[About this task] Begin at the line with "5Pcs/set Newborn Photography" and output every line through the end of the records, exactly as given. Omit pictures.

[Items from a data source]
--------------------------------
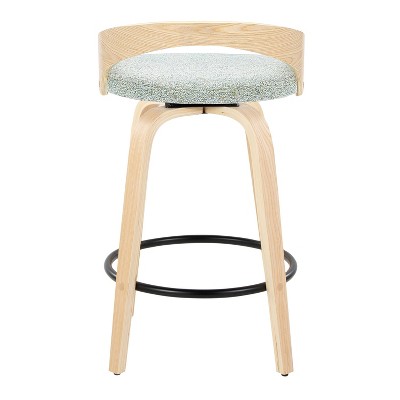 Set of 2 Green Swivel Counter Stools with Wood Legs
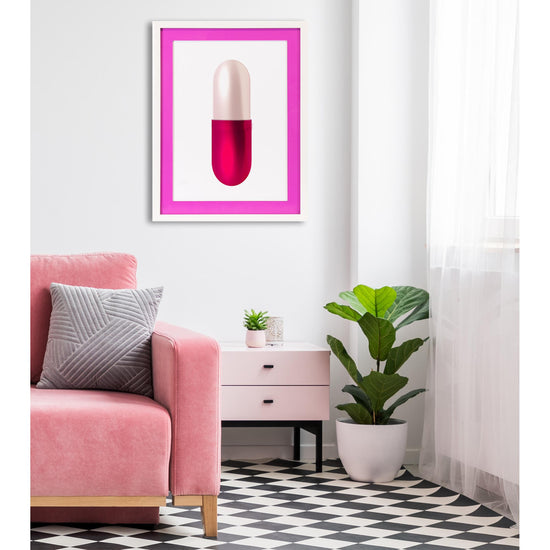 Queen Kerosin Rahmenbild mit Acrylpassepartout - Happy Pill Günstiger Verkauf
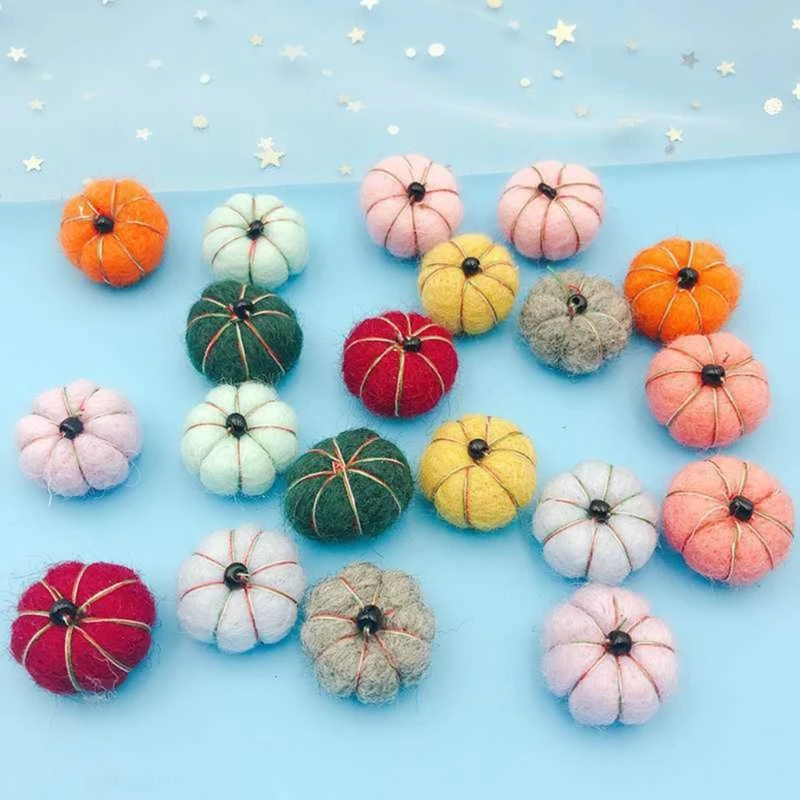 

5Pcs/set Newborn Photography Props Wool Felt Pumpkins DIY Craft Ornament Halloween Decorations Felt Balls Pumpkin Harvest Decors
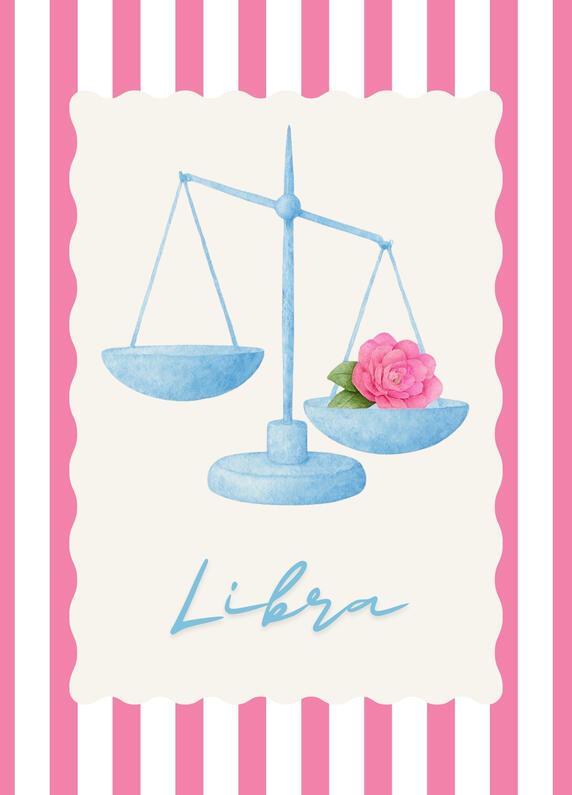Libra zodiac postcard with personalised tarot reading from The House of Good Fortune.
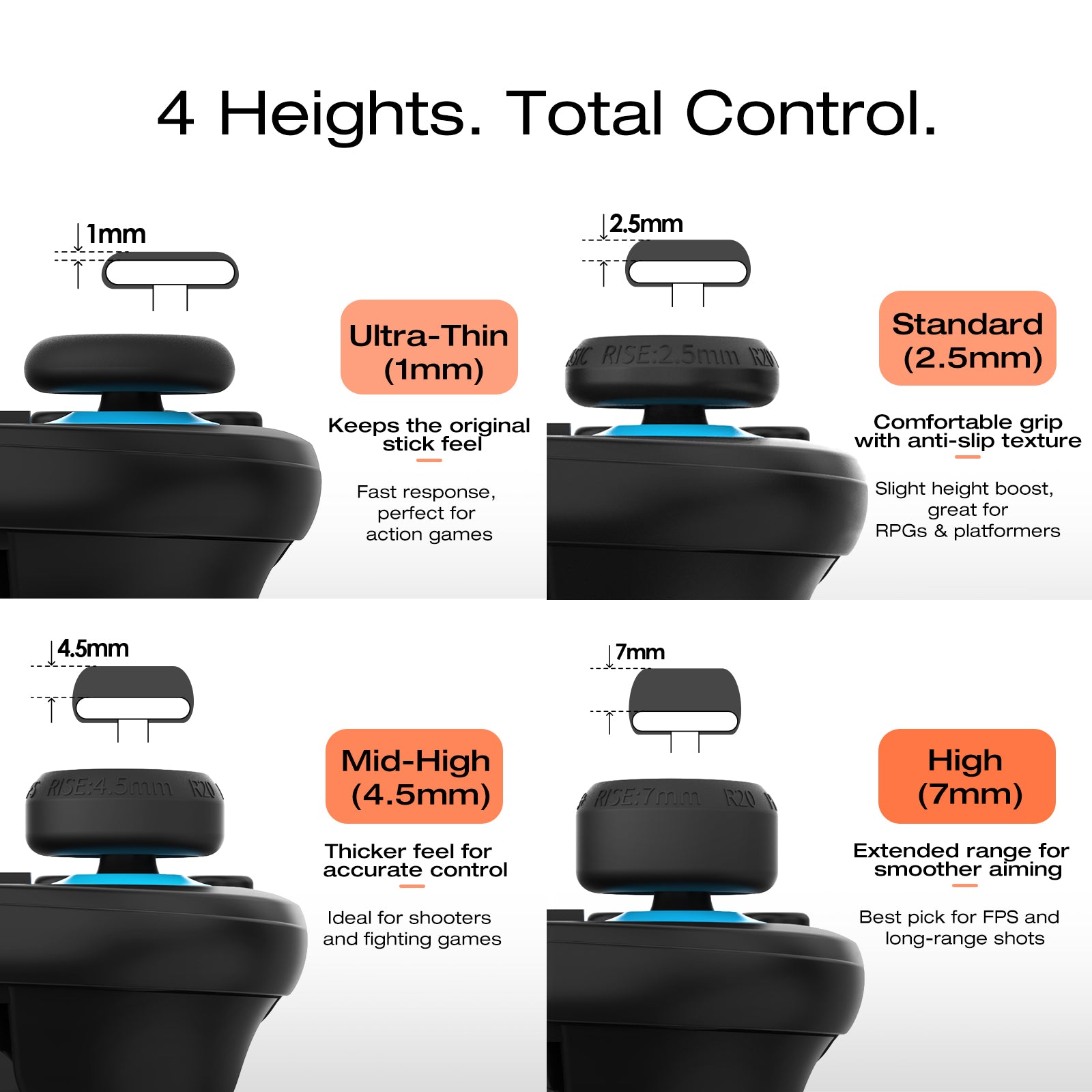 IINE 8pcs 4 Height Options Silicone Joystick Caps for Switch 2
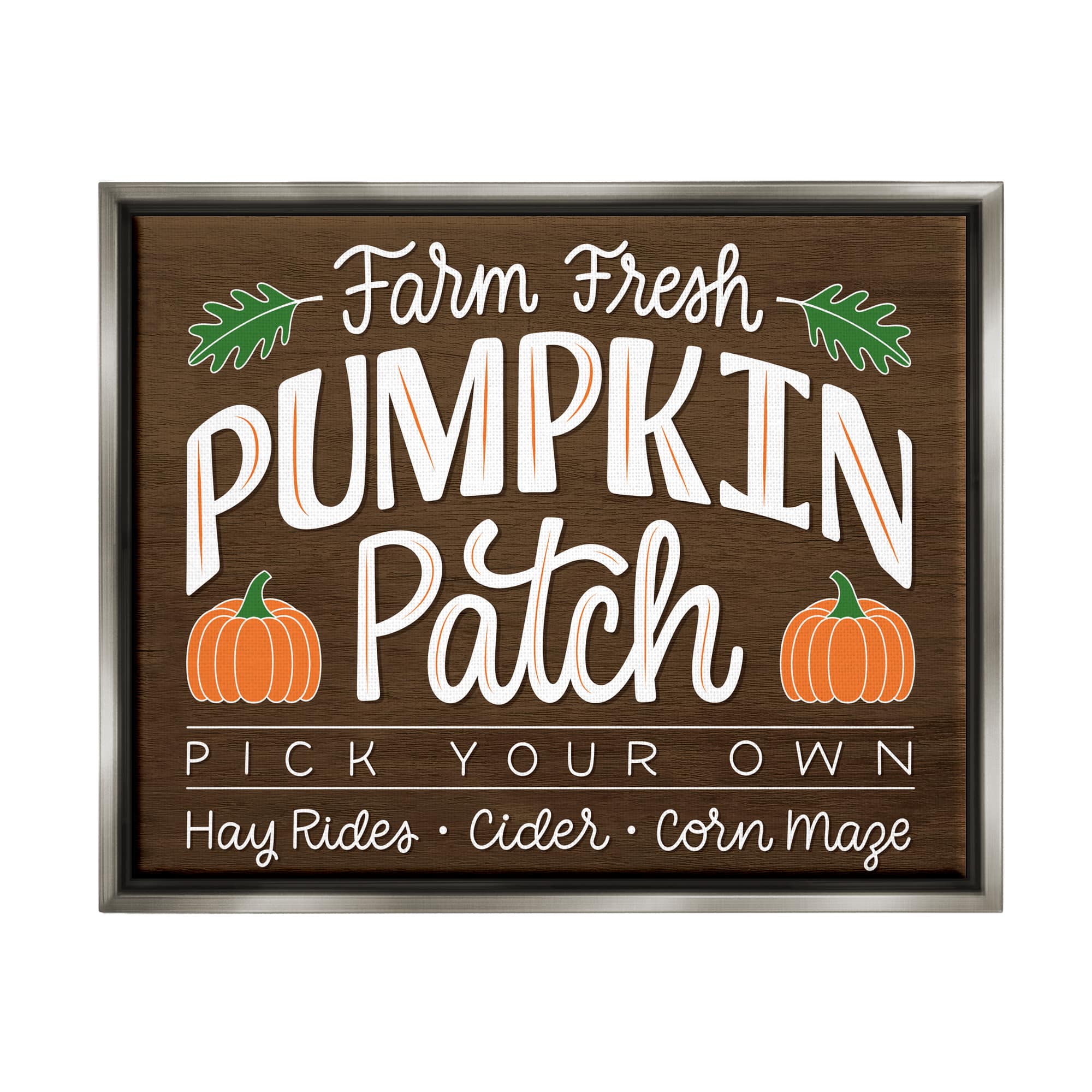 Stupell Industries Farm Fresh Pumpkin Patch Sign Framed Floater Canvas Wall Art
--------------------------------
[Output of the task]
5Pcs/set Newborn Photography Props Wool Felt Pumpkins DIY Craft Ornament Halloween Decorations Felt Balls Pumpkin Harvest Decors
Libra zodiac postcard with personalised tarot reading from The House of Good Fortune.
 IINE 8pcs 4 Height Options Silicone Joystick Caps for Switch 2
 Stupell Industries Farm Fresh Pumpkin Patch Sign Framed Floater Canvas Wall Art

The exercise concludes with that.